The answer must be an exact transcription of the lines below from the first through the one containing "You will find, read, and", with the pictures left out; please add nothing else.
Information shown Start Marker
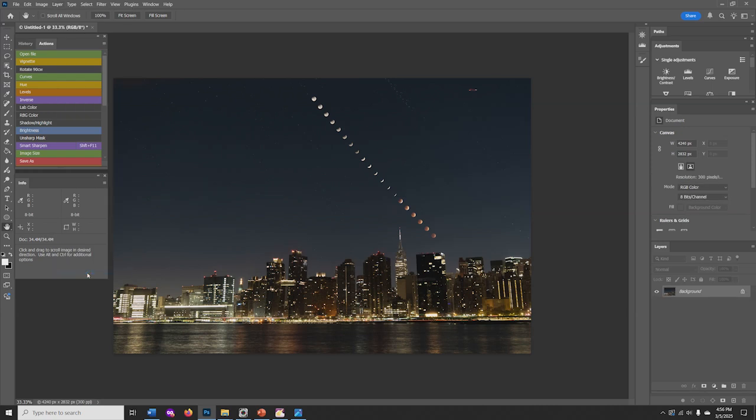That will combine all the layers into one, so now you are at the original size of your camera file. You now can do any adjustments to the image. And this image can also be saved as a TIFF or JPEG, or resized and also saved. So that's how to create a Lunar Eclipse Wide Angle Composite.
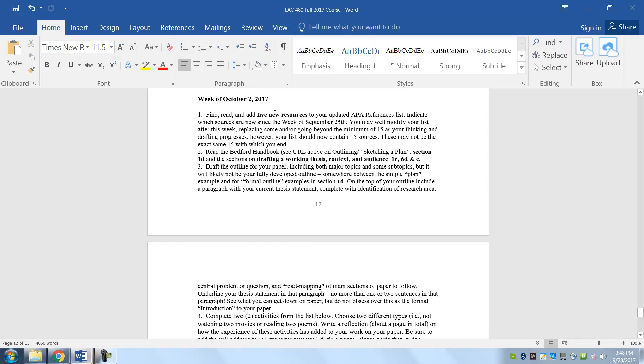You will find, read, and add five new resources to your updated APA references list. There's news since the week of September 25th, so by now you should have 15 resources. So you're going to have 15 and you add the five new ones.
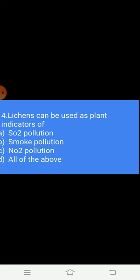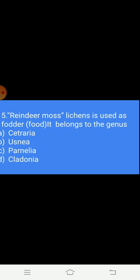Question 4: Lichens can be used as a pollution indicator for — Option A: SO2 pollution. Option B: smoke pollution. Option C: NO2 pollution. Option D: all of the above. The answer is A — SO2 pollution.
Information shown End Marker
Answer to this task:
That will combine all the layers into one, so now you are at the original size of your camera file. You now can do any adjustments to the image. And this image can also be saved as a TIFF or JPEG, or resized and also saved. So that's how to create a Lunar Eclipse Wide Angle Composite.
You will find, read, and add five new resources to your updated APA references list. There's news since the week of September 25th, so by now you should have 15 resources. So you're going to have 15 and you add the five new ones.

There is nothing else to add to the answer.